The most "ridiculous" will, if such a document can be called ridiculous at all, belongs to George Dorcas, who amassed his millions in the film industry. All 65 million was received by his faithful dog Maximilian, but the faithful, with whom the millionaire clearly did not get along, received only one cent. True, the wife of the deceased turned out to be more cunning: since Dorcas, in order to bequeath money to the dog, issued quite “human” documents for her, the woman married Maximilian, and when he died, she inherited everything.
The funniest testament was made by Canadian lawyer Charles Millar, whose will is not just a collection of not too kind jokes on his neighbors, but also a document that had a fantastic impact on the life not only of his hometown of Toronto, but also of Canada.
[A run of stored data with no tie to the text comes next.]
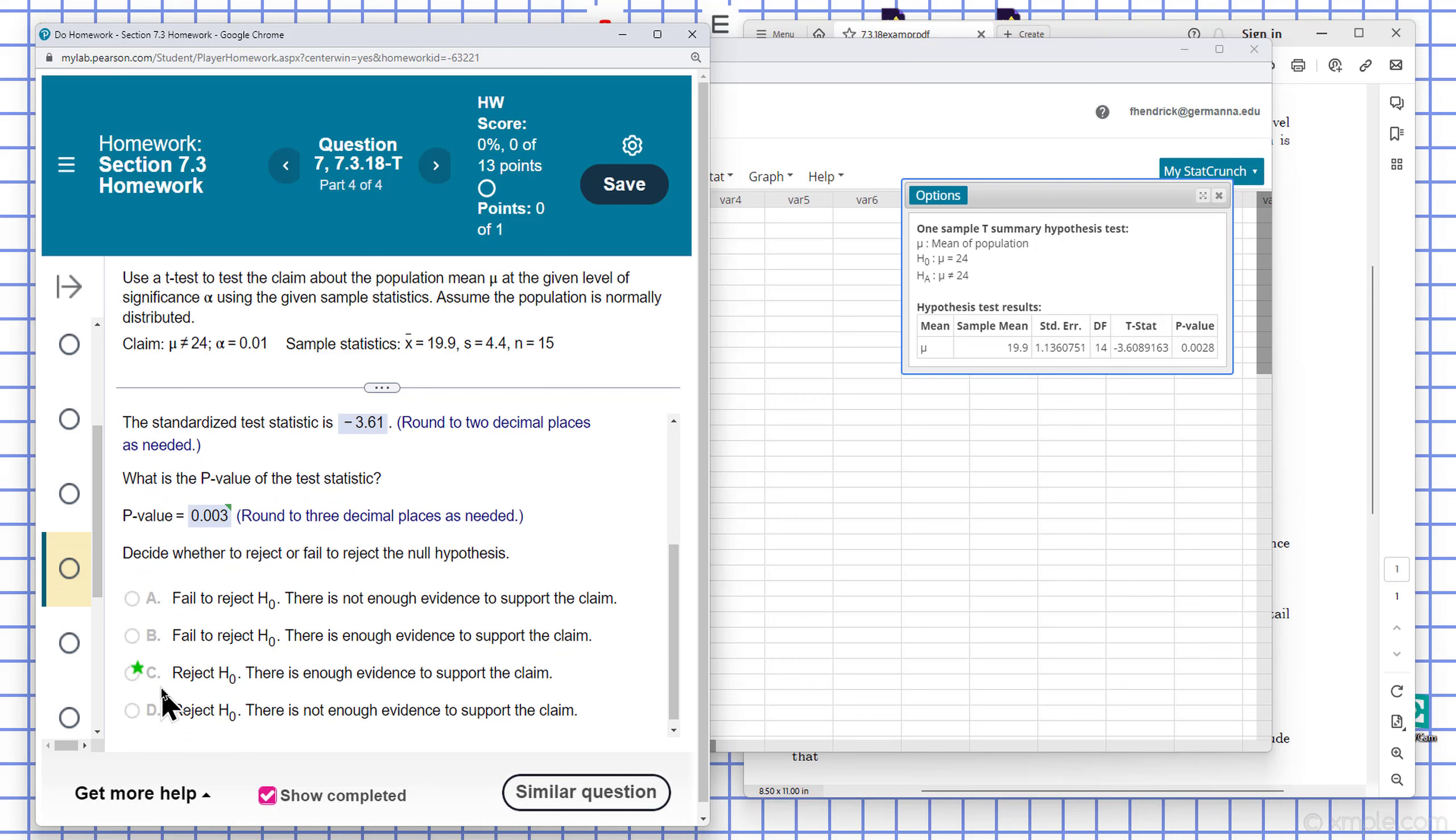In this case here, we end up rejecting the null hypothesis. There's not enough area to support the claim.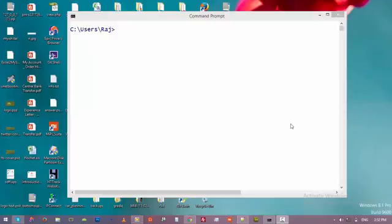Hello guys and welcome back to the MySQL database series. In this video we are going to learn how to alter a table — how to change the structure of a table — and we will learn how to add a new field to the table and how to remove an existing field from the table.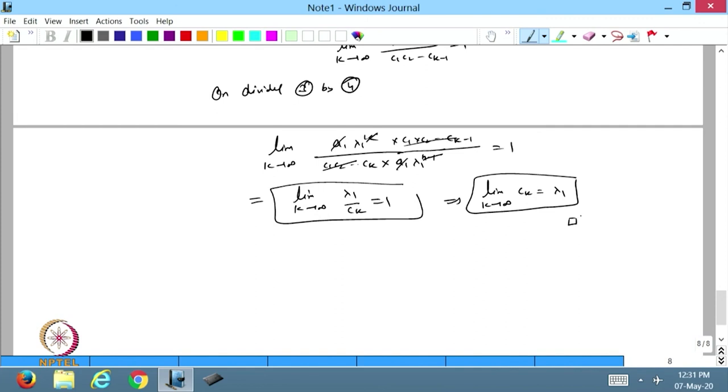Let us stop here today. We have started with the power method to find the dominant eigenvalue and the dominant eigenvector. I hope you have enjoyed this lecture. We will continue in the next lecture. Thanks for watching.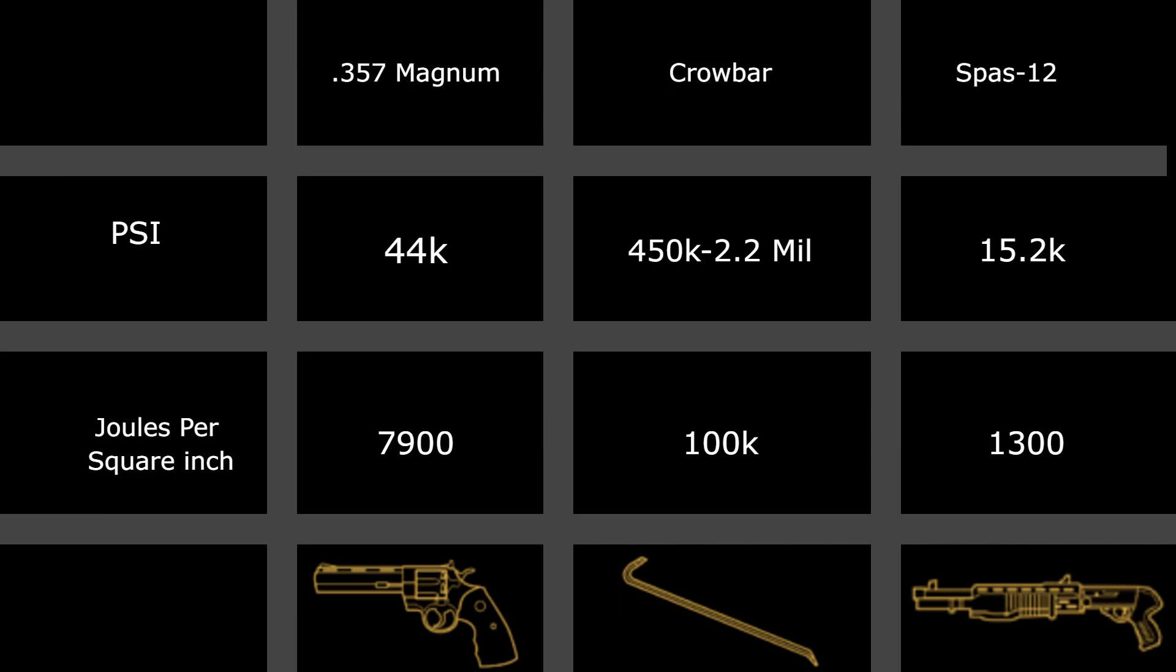Now, from what I could find, the energy density for the 357 magnum would be about 7,900 joules per square inch, while the crowbar, to the best of my knowledge, is at a whopping 100,000 joules per square inch. For reference, Google tells me that you only need about 10,000 joules max to break the femur.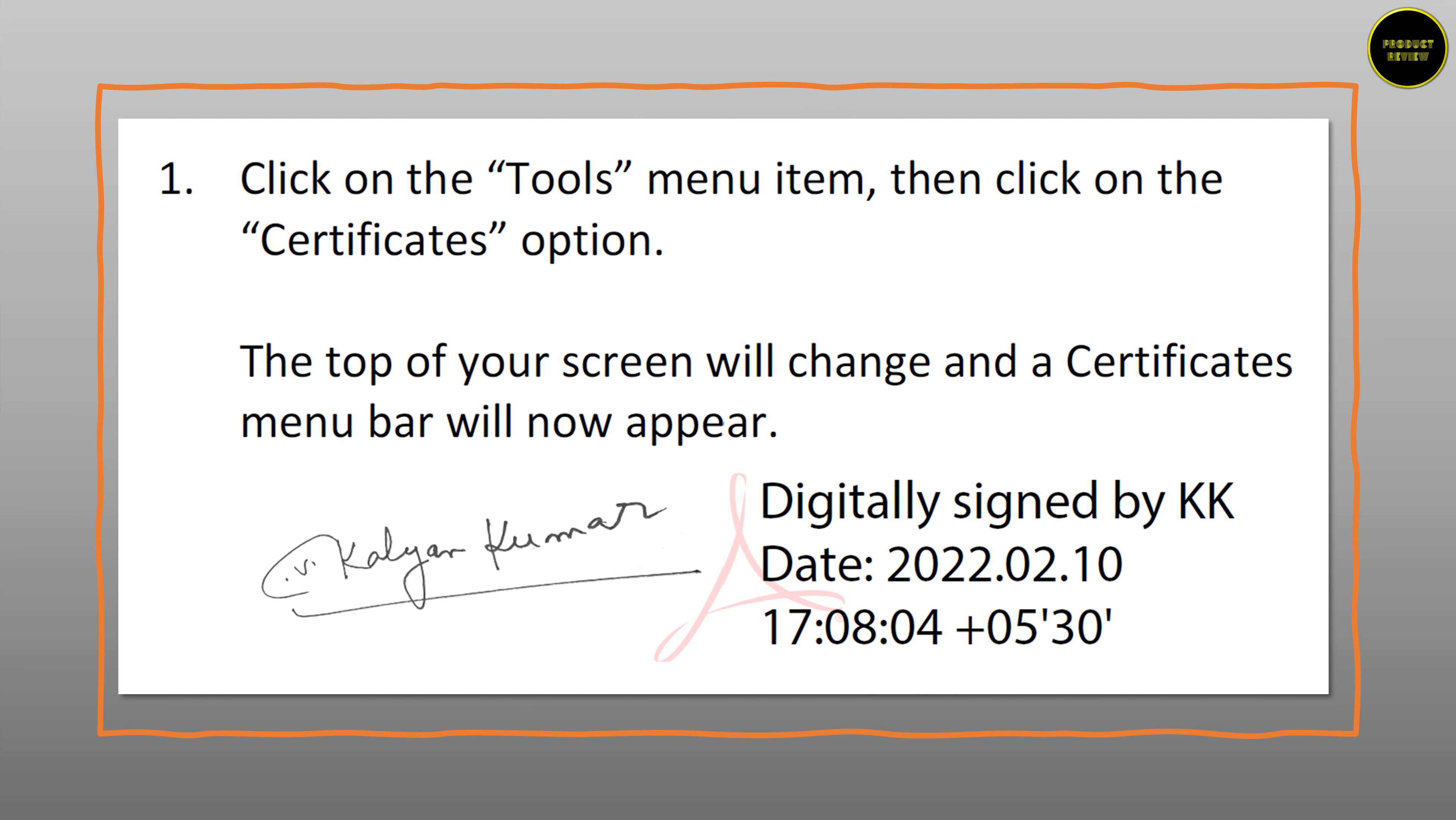Hi everyone, Kalyan Kumar here and in this video I'm going to be describing how to create an electronic signature. Before I begin, let me explain the difference between an electronic and a digital signature.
Charles Millar died in 1928, and his last will was an instant sensation. He mentioned in his will of two friends, a judge and a priest, who are known throughout Canada for their hatred of any form of gambling. He left them with a large block of shares in one of the racetracks. In addition to the fact that both of them profit from gambling as a result, they automatically - as shareholders - became members of the jockey club, with which they fought for many years. The judge and preacher accepted the gift.
Millar bequeathed shares of the brewing company to five more of his comrades, the principled opponents of drunkenness and alcoholic beverages. Only one in five refused the inheritance. To three more acquaintances who hated each other so much that they refused to be at the same time in the same place, he bequeathed his villa in Jamaica.
But the most important point was the all-time large sum of money that the lawyer bequeathed to "the Toronto woman who, within ten years from the time of my death, will give birth to the greatest number of children." They tried to challenge this clause of the will more than once in court, but Millar was a good lawyer, so there was nothing to complain about. What happened next in Canada was called the "big Toronto derby". The surge in fertility in Toronto and across Canada this decade has been phenomenal. As a result, on May 30, 1938, exactly ten years after Millar's death, the city court began considering inheritance claims. A woman who managed to give birth to ten children in ten years was disqualified - it turned out that not all of her children are from the same man, as Millar demanded. Another woman was also disqualified: she gave birth nine times, but five children were stillborn. Both ladies received a consolation prize of $ 13 thousand. $ 500 thousand were distributed in equal shares between four families, in which nine children were born in ten years. As newspapers later reported, there were no more children in these families.